= Beginning of Section =

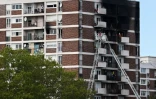 Des pompiers interviennent sur un incendie dans un immeuble d'habitation à L'Île-Saint-Denis (Seine-Saint-Denis), le 19 août 2023 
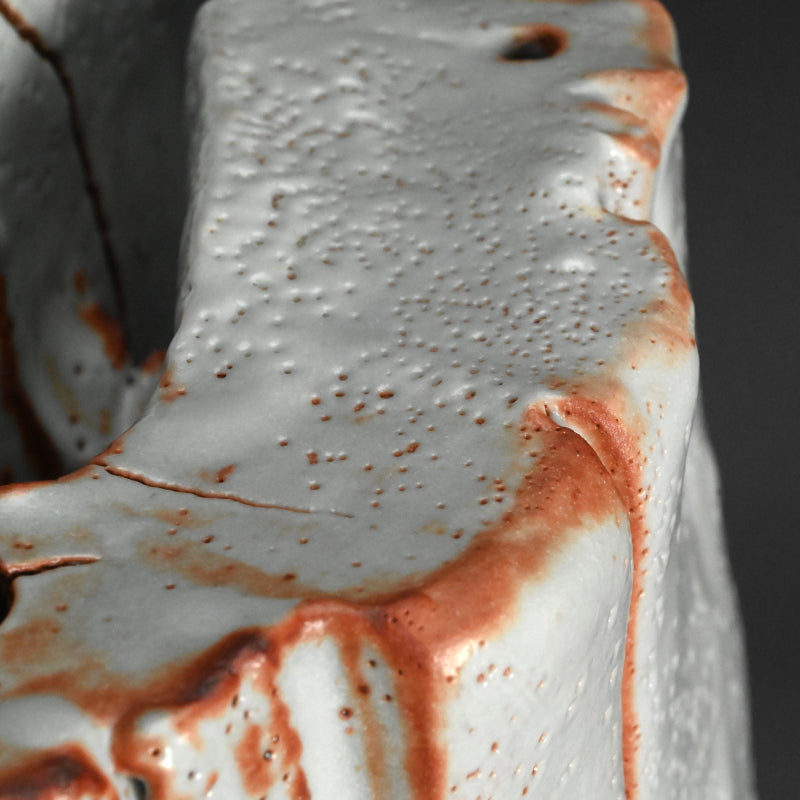 Radical Shino Vase ー鈴木 藏 "志野花器"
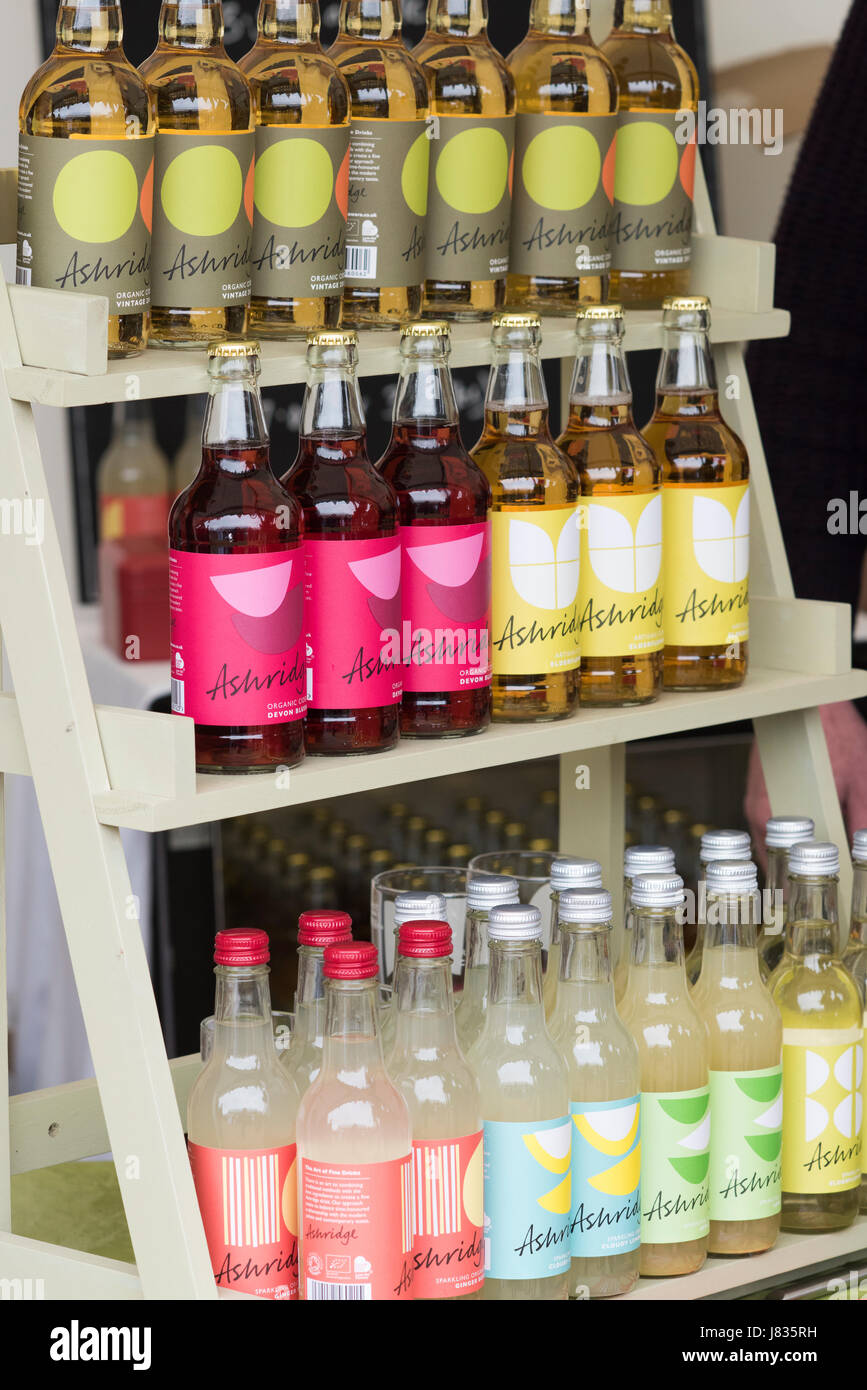 Ashridge organici di bevande in bottiglia a Daylesford Organic farm shop festival estivi. Daylesford, Cotswolds, Gloucestershire, Inghilterra Foto Stock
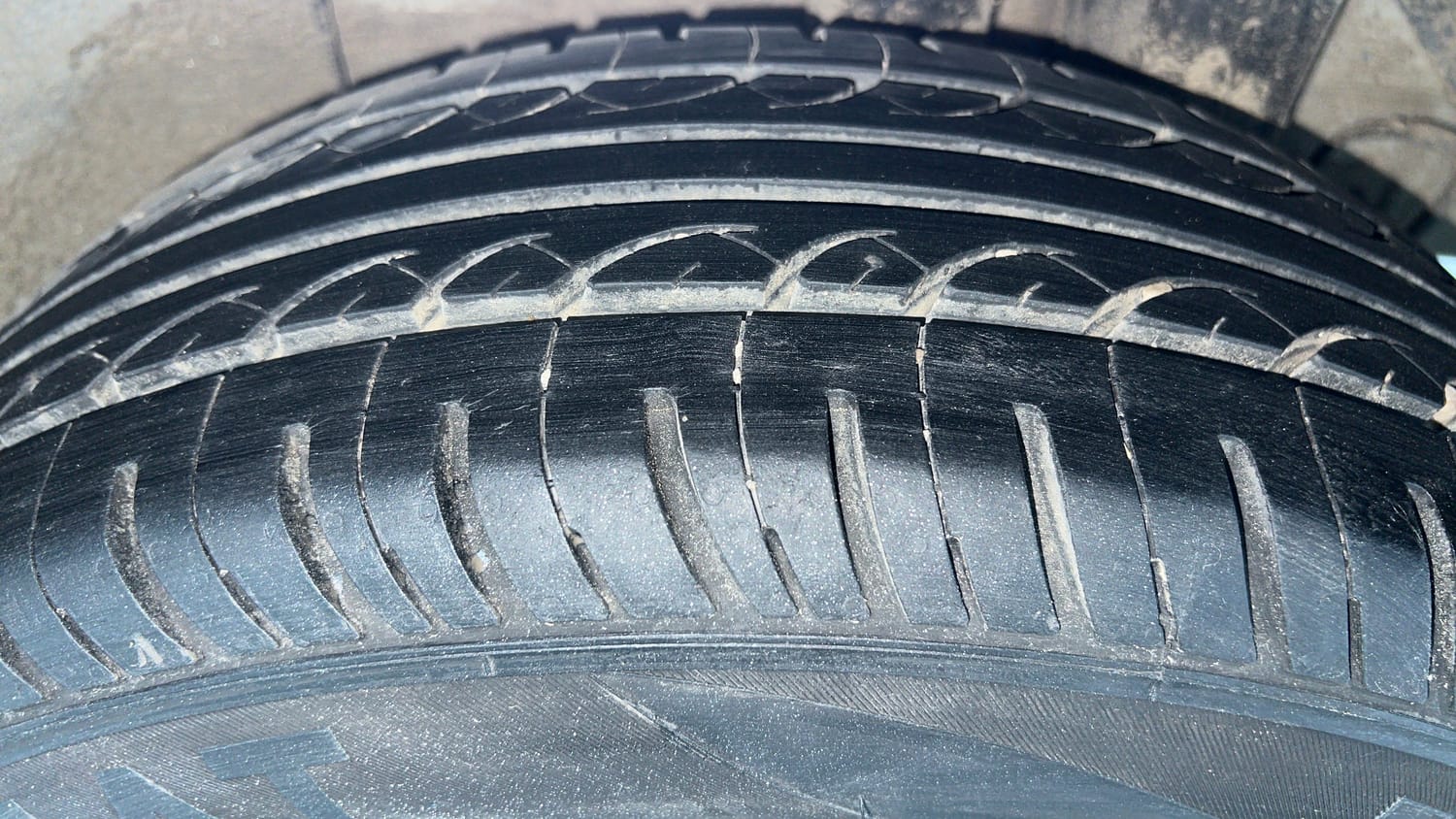 Used 2017 Hyundai Elite i20 Sportz 1.2 Petrol Manual tyres LEFT REAR TYRE TREAD VIEW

= End of Section =

* Prompt *
Print the lines from the line containing "Ashridge organici di" through the last line of the listing, exactly as they stand, and leave any pictures out.

* Response box *
 Ashridge organici di bevande in bottiglia a Daylesford Organic farm shop festival estivi. Daylesford, Cotswolds, Gloucestershire, Inghilterra Foto Stock
 Used 2017 Hyundai Elite i20 Sportz 1.2 Petrol Manual tyres LEFT REAR TYRE TREAD VIEW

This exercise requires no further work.